Sunday, May 8, 2011

Thoughts on Singles' Welcome in the Church

I'm working my way through Singled Out, by Christine Colon and Bonnie Field, and although I don't have a review of the book ready yet, I do have a few thoughts on how singles are received by the church.  I should perhaps preface them by noting that I myself have been happily married for five years, and have spent very little time in the singles scene, so I'm not speaking as any kind of expert.

One of the points made by Colon and Field is that the evangelical church's emphasis on family can make it surprisingly hard for single adults to be made welcome and integrated into the church body.  I personally have felt convicted for a while about what I've come to think of as Cookie-cutter Christianity: Christian environments where when you walk in the door you're surrounded by all of these lovely people with their smiles and warm greetings and lovely children in adorable outfits, who look like they could be straight out of a catalog.  But I've mostly thought about this as it relates to questions of age, ethnicity, and disability- not family.

For a single person visiting a church...
seeing all the families filling the pews can apparently be a fairly depressing thing, especially if it highlights an unfulfilled desire.  But singles see families around them all the time; what makes church worse?  All of the family-oriented events, parenting-based sermon illustrations, and messages about the family as the fundamental institution in society, apparently.  I was intrigued by the suggestion to look in the church bulletin and see how many of the events were obviously aimed at families, and how many of them a single person would find inviting (I suspect my church would fair well by this test, although it fails another one, namely being comprehensible to people who don't already know what all of the events and groups are about).  Colon and Field had some horror stories to share about visiting churches and having people introduce themselves during the coffee hour, only to have the conversations wilt and die as soon as the church members discovered they had no spouses or children; apparently there was nothing left to talk about.

Given the example of Christ's ministry, it seems to me that if the local church doesn't consist of a fairly representative sample of the local population, we should be rethinking our ministries.  That means looking past the cookie-cutter families and making sure we're welcoming and integrating singles.

1 comment:

  1. I think it can become more of a challenge to make connections with people your own age once you enter the period of life when a lot of people are starting families. Understandably, getting married and having children totally rearranges your schedule and priorities.

    I wonder if Christian singles and married couples can support and encourage each other because of how different their lives are. I have really appreciated getting to talk with the young parents in my church.
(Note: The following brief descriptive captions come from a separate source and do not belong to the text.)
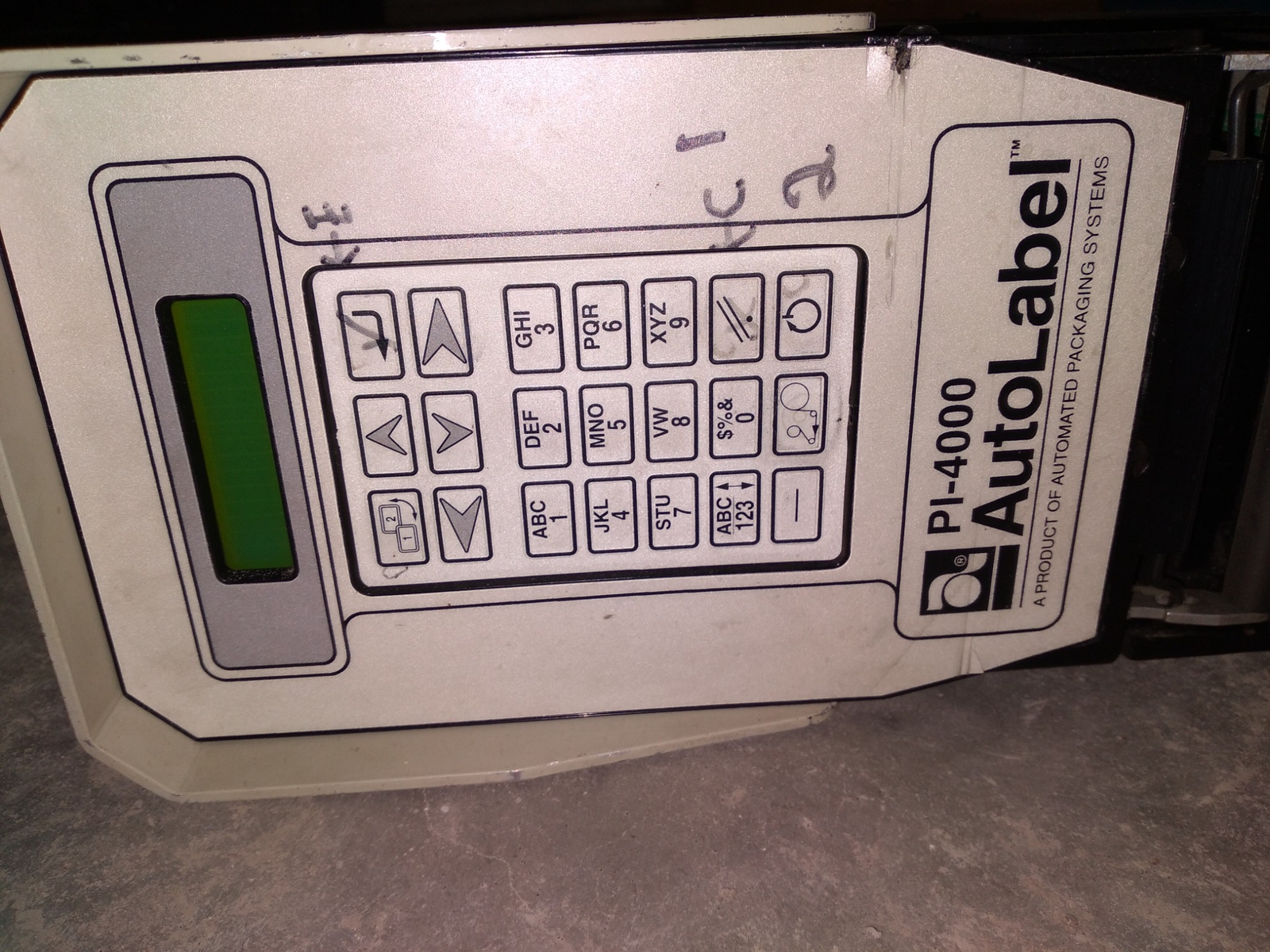 Automated Packaging Systems PI-4000 Auto Label 99-07P4-4376 56950B6 PH268-21-07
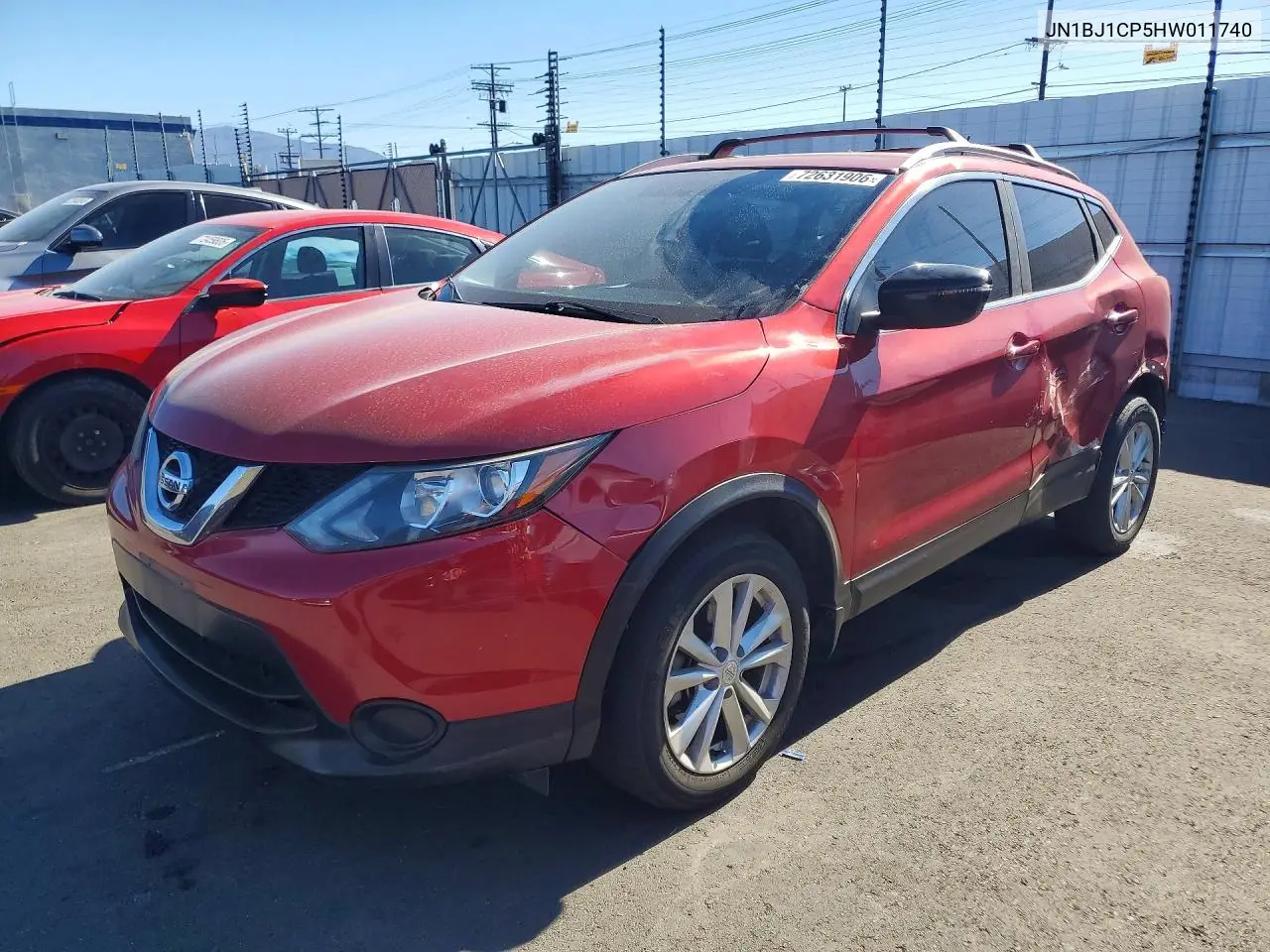 NISSAN QASHQAI 2017, VIN JN1BJ1CP5HW011740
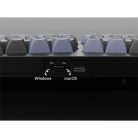 Keychron Q8 Swappable RGB Backlight Knob ISO USB gaming billentyűzet barebone szürke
We can just talk about how our weeks have been going; there doesn't seem to be a total loss of things to say like in the example from the book.

    If anything, I sometimes feel like the difficulty connecting goes the other way-- I can't pretend to know what parenting is like or to offer help or advice on something I've never done, so the depth of our conversations feels limited in one of the most significant areas of their lives. (At those times, I'm really thankful that my mother and father are usually around to offer their parenting advice-- and I can speak from the child's point of view!)

    Your post made me realize how thankful I am for the kindness and openness of our church. One time, some friends had my family over for lunch. Their children knew me because I help my mother teach children's church some weeks, and after lunch, the kids got out their favorite toys and played with me for a while. It means a lot to me that my friends knew and trusted me enough to invite me into their home and their children's lives.